Sunday, March 8, 2009

In the Brooklyn Rail: Susan Bernfield Interviews Bob Jude Ferrante

From: the Brooklyn Rail, Critical Perspectives on Art & Culture

On the occasion of the Sanctuary: Playwrights Theatre's production of his new play A New Theory of Vision, playwright Bob Jude Ferrante virtually connects with Susan Bernfield (fellow playwright, and Artistic Director of New Georges theater company), over our shifting sense of reality, its representation on stage, and the dual role of being a playwright involved in producing one's own work.

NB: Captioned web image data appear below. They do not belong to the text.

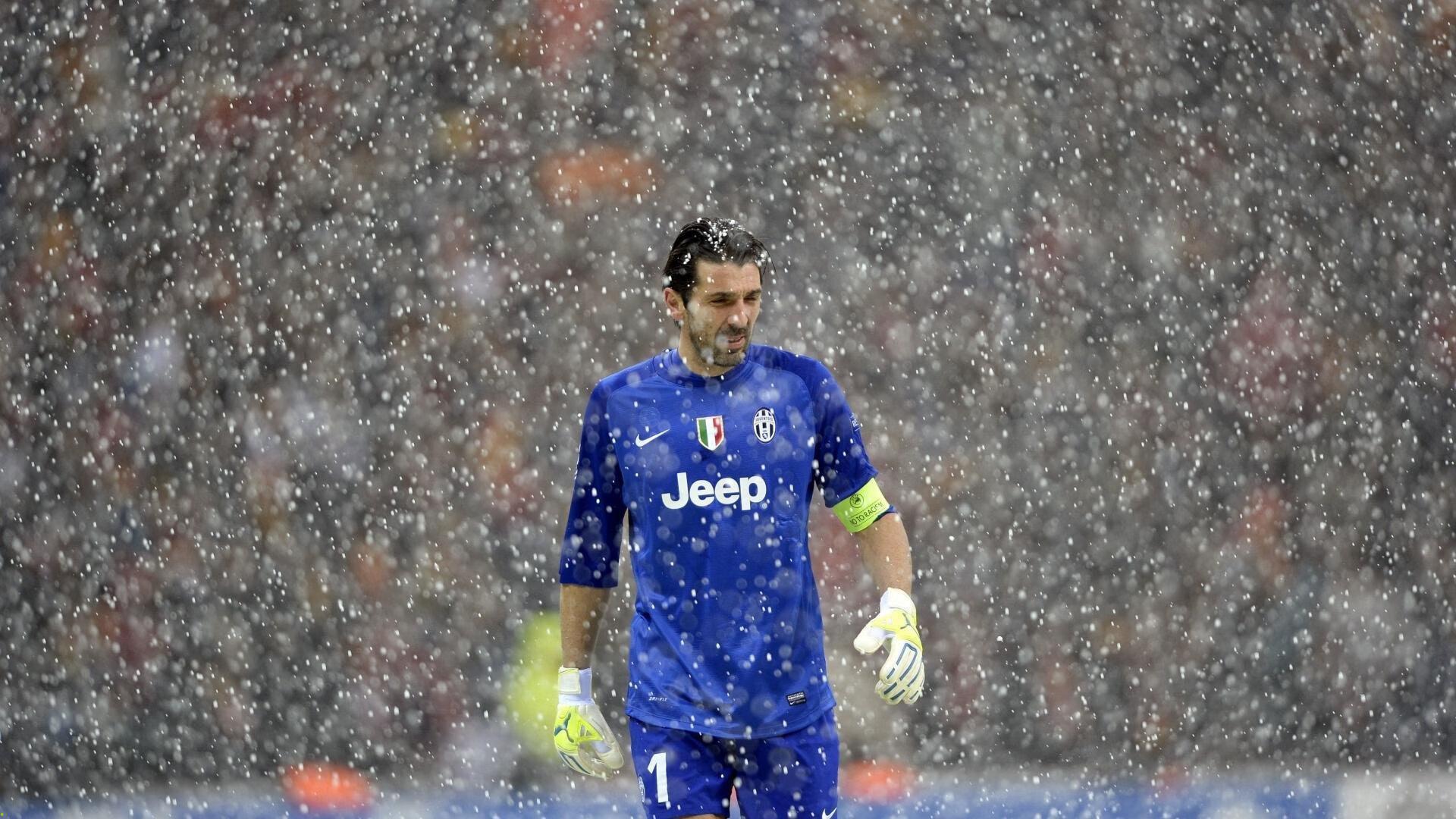 NBA季后赛激战正酣 东西部豪强争夺总决赛门票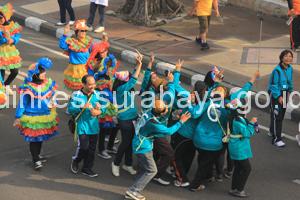 SELFIE: Peserta jalan sehat berebut selfie dengan tim nya yang tak menyia-nyiakan momen yang tidak setiap hari terjadi saat pembukaan SHS 2015.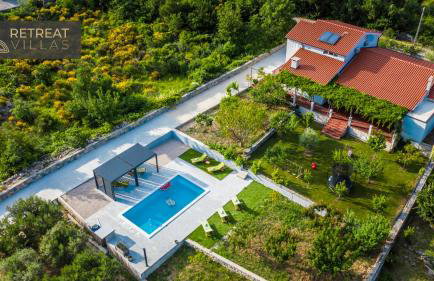 Villa Eleona with private pool and garden - Photo 10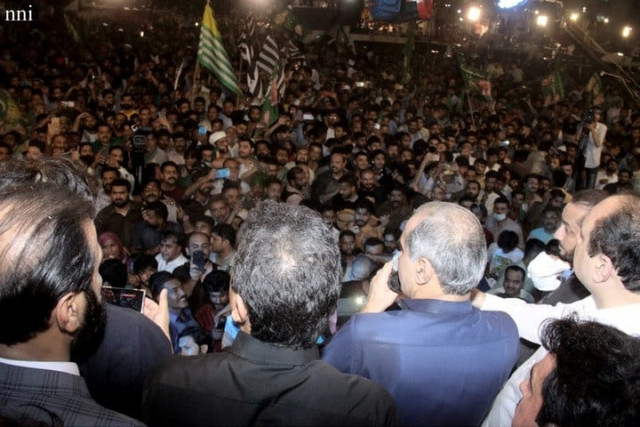 pml n brings back vote ko izzat do call pml n brings back vote ko izzat do call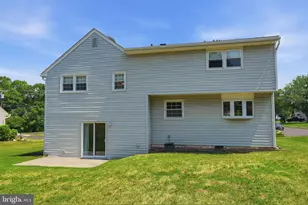 686 Cheryl Dr, Warminster, PA 18974 - Photo 29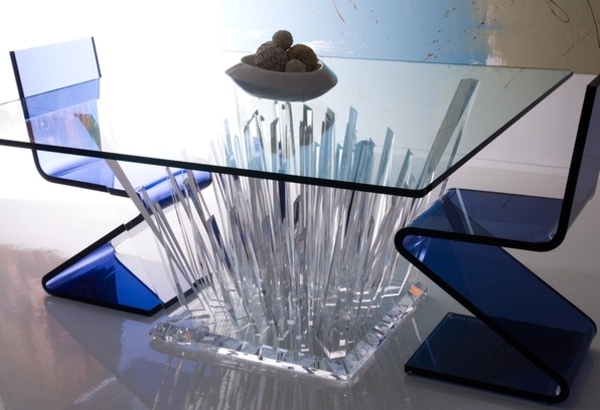 Spisebord glasblå stole moderne smuk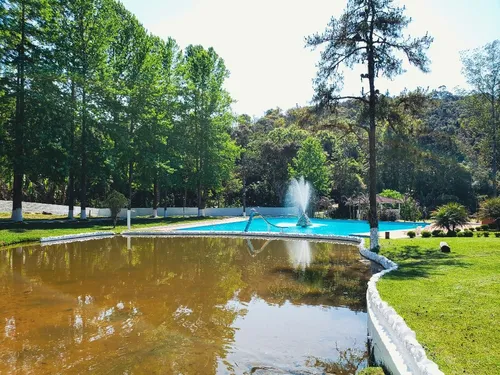 Sitio Para Festas E Temporada -piscina Semi Olimpíca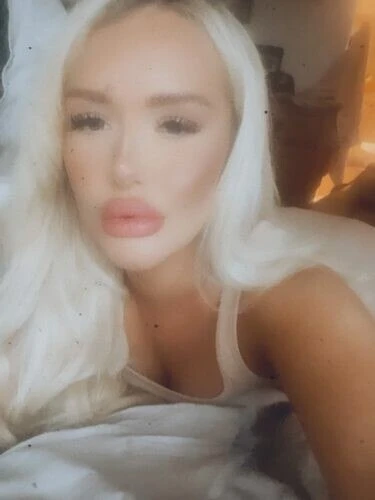 Mary_99 Profile image 2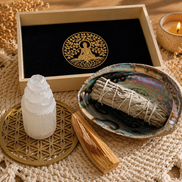 Coffret rituel de purification O'NAIA avec sélénite, Palo Santo, sauge et coquille d'ormeau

http://www.brooklynrail.org/2009/03/theater/bob-jude-ferrantes-new-theory-of-vision

Friday, March 6, 2009

Website secret...

Psst... here's a secret few people will notice. 

The postcard on the site for A New Theory of Vision  is peppered with hyperlinks. each going someplace with a skeleton key to the play. 

Wednesday, March 4, 2009

Screens, screens, screeeeeeens

The Production Designer for A New Theory of Vision is named George Allison. He took a new play that asked the impossible:
  • Change location in a split second
  • People change into different people; hair changes color, face changes, clothing changes instantly in front of the audience
  • People have to disappear onstage
  • Three worlds must be depicted and clearly delineated: The world of reality (Cara's world); the online world (Erich's world); the world inside the mind (Lee's world). 
  • Other characters have to be able to enter these worlds and it needs to be clear when they do.
 And came up with a unique, never-tried-before-I-think-at-least concept: that we would use screens onstage and digital projection to handle everything. This in itself is not revolutionary; in fact projection is becoming commonplace downtown as it's a "cheap" way to do a set. However, what makes George's approach so unique, really, is that:
  • The projections are malleable in their visual language. For example, there's a scene online where a man is unmasked and revealed to be a puppet controlled by a character. When he is unmasked, the script just called for a makeup convention that was previously used for that character to be used to indicate he was a puppet. But George's concept was that, when he is unmasked, the screens flash front & profile shots (like mugshots) of the puppeteer. Friggin brilliant. Says it all.
  • Likewise, there's a scene where a character tells a lengthy story and we're not supposed to hear all the details. The designer is created a video sequence where images from the story flash by quickly;  as if the information is being "rapidly downloaded." 
  • Last, not only are the scenic elements designed to "take" projection - the actors are as well. Because the actors' clothing - and even masks - are designed to allow projection right onto the performer as a canvas. We can "rebrand" a performer with a new identity in a flash. 
  • Etc.
We bet you can't wait to see it? 

Good, that's what we were hoping you'd say!

Friday, February 27, 2009

Why the hell design the sound?

So when I tell people I'm also designing the sound for A New Theory of Vision they look at me sideways (which is actually kind of cool to see... the eyes go vertical).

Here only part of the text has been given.